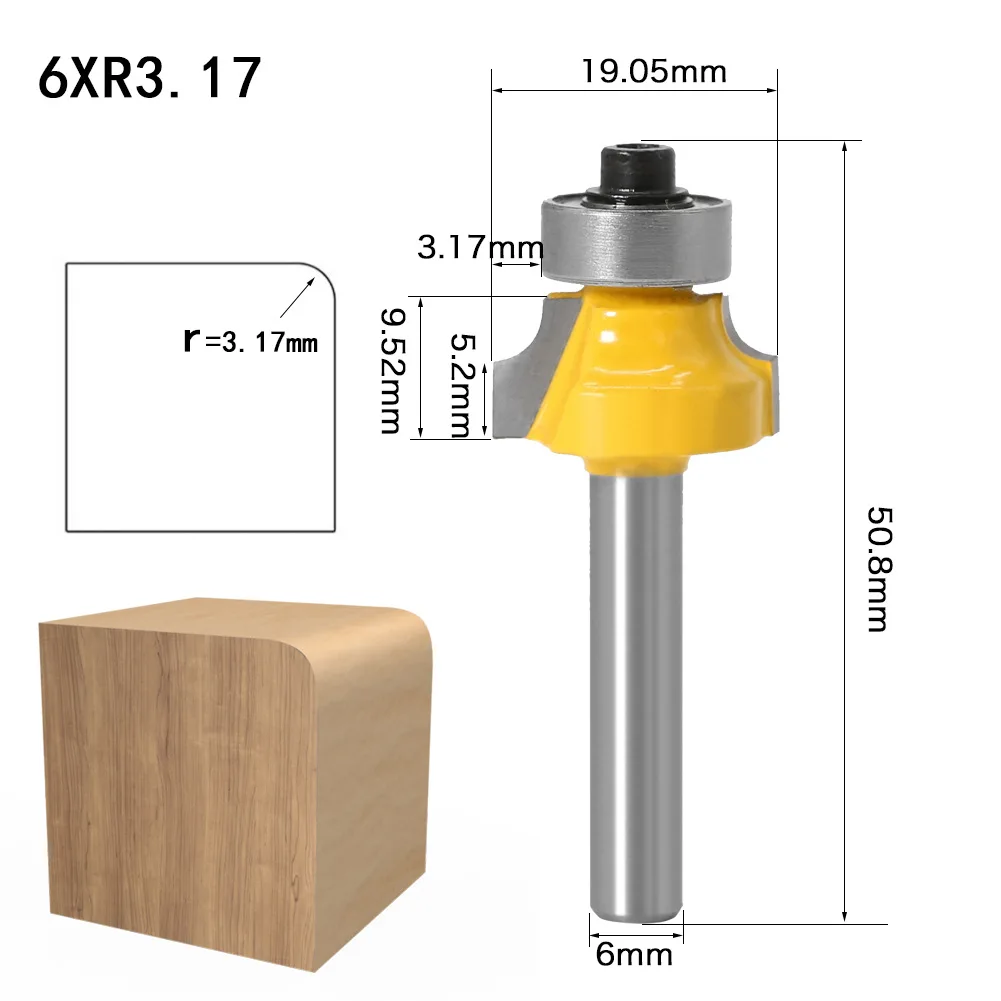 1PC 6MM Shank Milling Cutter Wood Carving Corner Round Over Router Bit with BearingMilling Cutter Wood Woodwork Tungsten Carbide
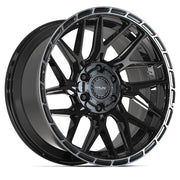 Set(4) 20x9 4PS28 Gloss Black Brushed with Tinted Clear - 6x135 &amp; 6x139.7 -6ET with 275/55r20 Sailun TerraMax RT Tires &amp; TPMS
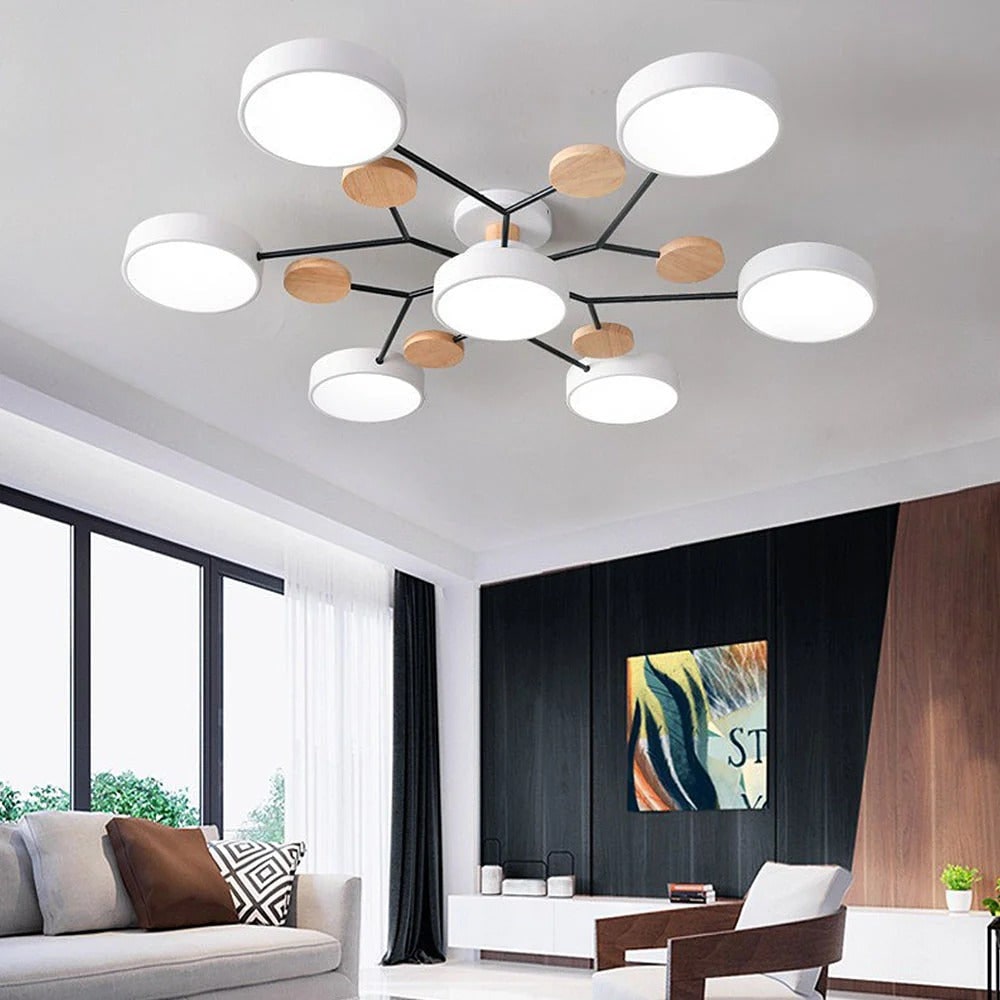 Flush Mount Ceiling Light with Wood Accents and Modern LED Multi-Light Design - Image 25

**Task instructions:** Write out the data precisely as given, excluding the pictures.

**Your response:**
 1PC 6MM Shank Milling Cutter Wood Carving Corner Round Over Router Bit with BearingMilling Cutter Wood Woodwork Tungsten Carbide
 Set(4) 20x9 4PS28 Gloss Black Brushed with Tinted Clear - 6x135 &amp; 6x139.7 -6ET with 275/55r20 Sailun TerraMax RT Tires &amp; TPMS
 Flush Mount Ceiling Light with Wood Accents and Modern LED Multi-Light Design - Image 25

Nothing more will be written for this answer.